Infrared thermography is a technique used to study the building envelope. This technique applied to the identification and mapping of faults allows an inspection approach which classifies defects areas in respect of location, severity and structural effect.
Thermography is a non-destructive technique that provides a thermogram, a thermal image of the target object surface, which in this case is a region of the facade. This inspection, made without physical contact, can reach distances of tens of meters and causes no damage to the element.
The thermogram of a facade allows analysis of the surface temperatures of the elements and materials that comprise it. Temperatures are a result of the action of various factors, including the action of climatic agents such as the incidence of the sun and ambient temperature.

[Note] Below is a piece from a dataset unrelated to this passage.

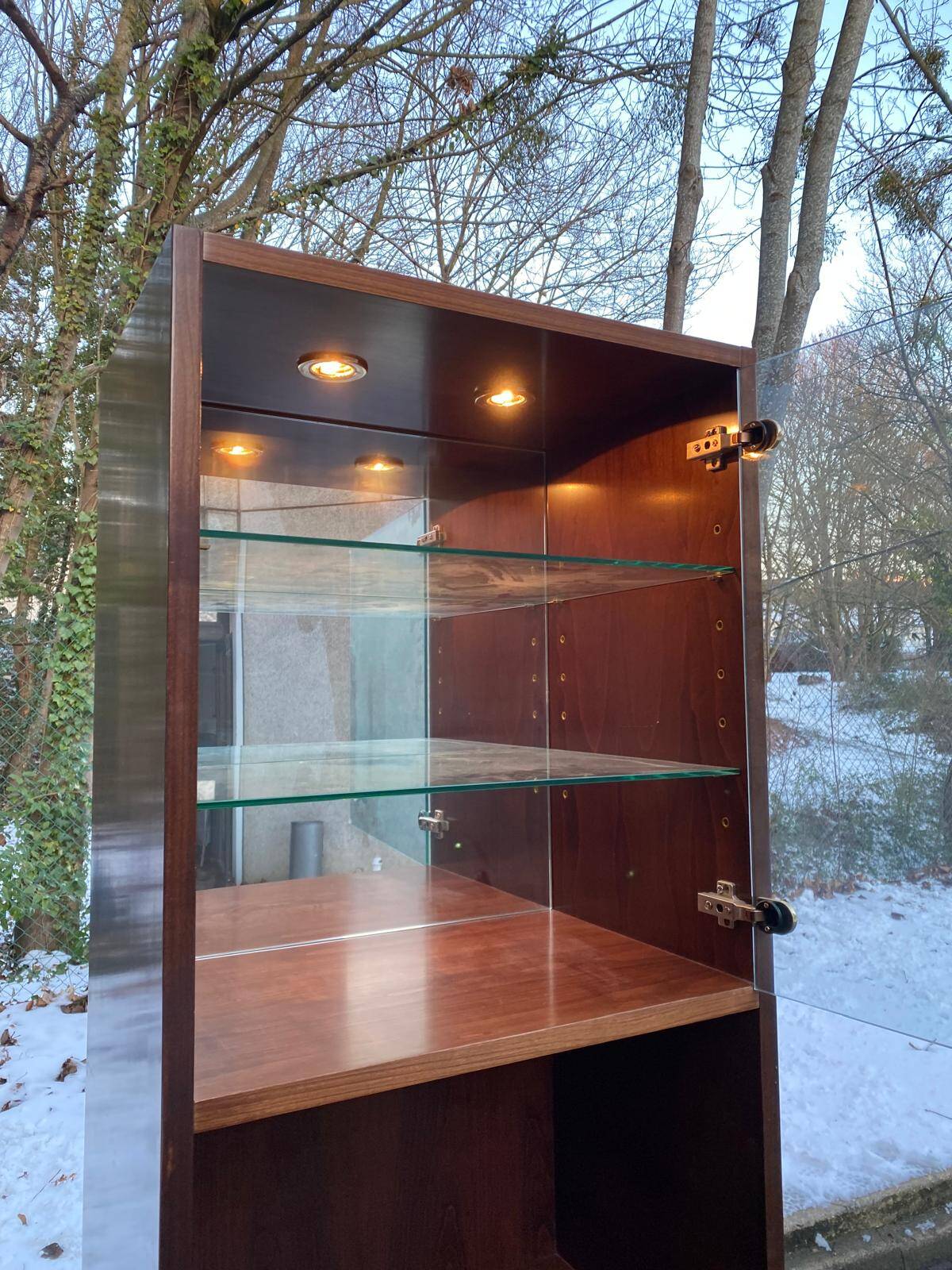 1970s wooden Scandinavian display cabinet with lighting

As infrared radiation is generally invisible to the human eye, thermographic cameras are able to open up a whole new view.
The higher the temperature, the increased amount of radiation emitted and thus a thermal image can be produced by looking at the variations.
All objects above absolute zero emit IR. Thermography is therefore defined as a technique for visualising an object or material using the thermal energy which discharges from its surface.
Differential surface temperatures can assist in checking the condition of buildings by seeking out hidden weak spots and defects across the building fabric in a non-destructive way.
This surface temperature viewed by the camera is referred to as the apparent temperature which is the temperature that is apparent to the camera dependent on the conditions at the time.
The Voltin system applies a qualitative measurement to evaluate the thermal colour patterns to check for anomalies. The process of quickly looking at the variations in temperature which works well in a variety of situations.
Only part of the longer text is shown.